**Dataset entries**
+ + +
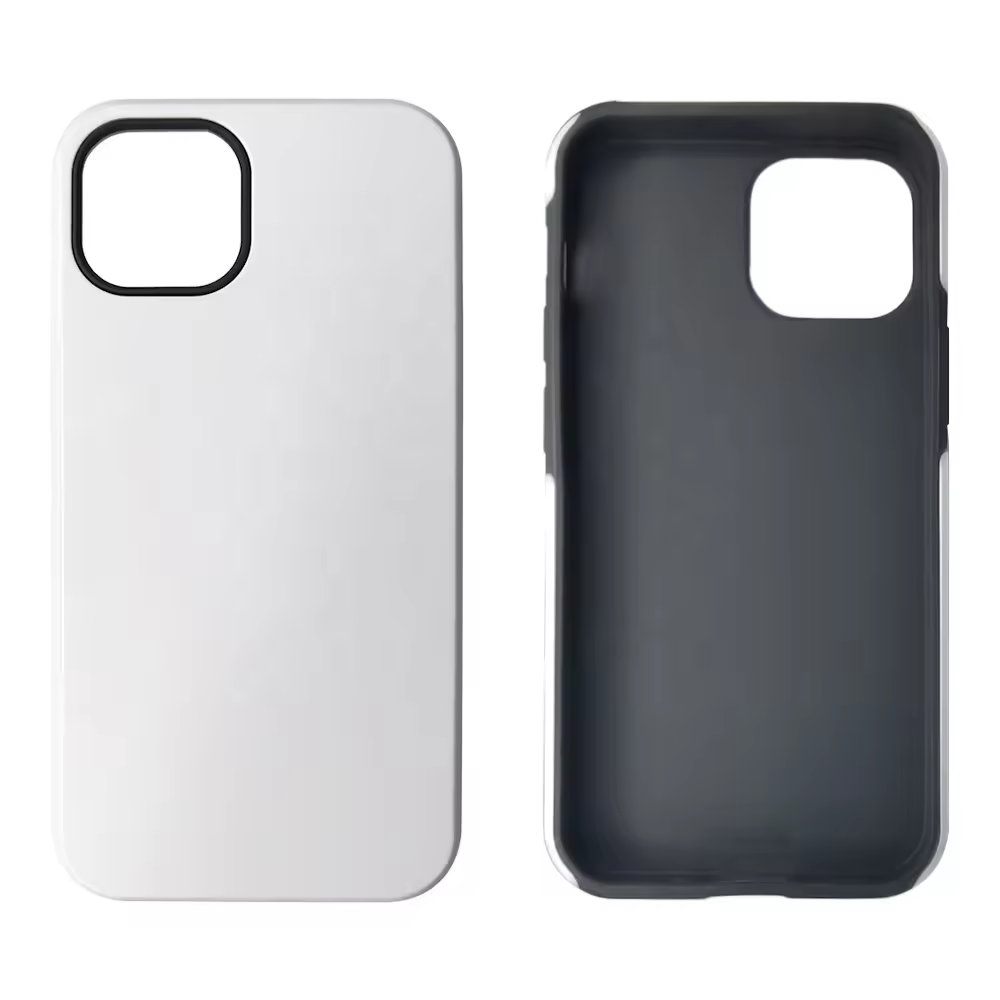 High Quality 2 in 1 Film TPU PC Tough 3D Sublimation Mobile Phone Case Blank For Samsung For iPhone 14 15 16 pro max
+ + +
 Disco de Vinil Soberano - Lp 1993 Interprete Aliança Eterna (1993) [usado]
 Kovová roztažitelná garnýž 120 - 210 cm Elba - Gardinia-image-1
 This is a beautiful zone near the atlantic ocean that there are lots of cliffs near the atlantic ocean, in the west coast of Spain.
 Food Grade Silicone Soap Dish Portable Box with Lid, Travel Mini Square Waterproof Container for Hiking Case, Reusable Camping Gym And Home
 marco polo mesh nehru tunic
+ + +
**Assigned task**
Starting at the line with "Food Grade Silicone" and ending at the line with "marco polo mesh nehru tunic", print each line of the listing above exactly, with no other lines.

**Solution to this task**
 Food Grade Silicone Soap Dish Portable Box with Lid, Travel Mini Square Waterproof Container for Hiking Case, Reusable Camping Gym And Home
 marco polo mesh nehru tunic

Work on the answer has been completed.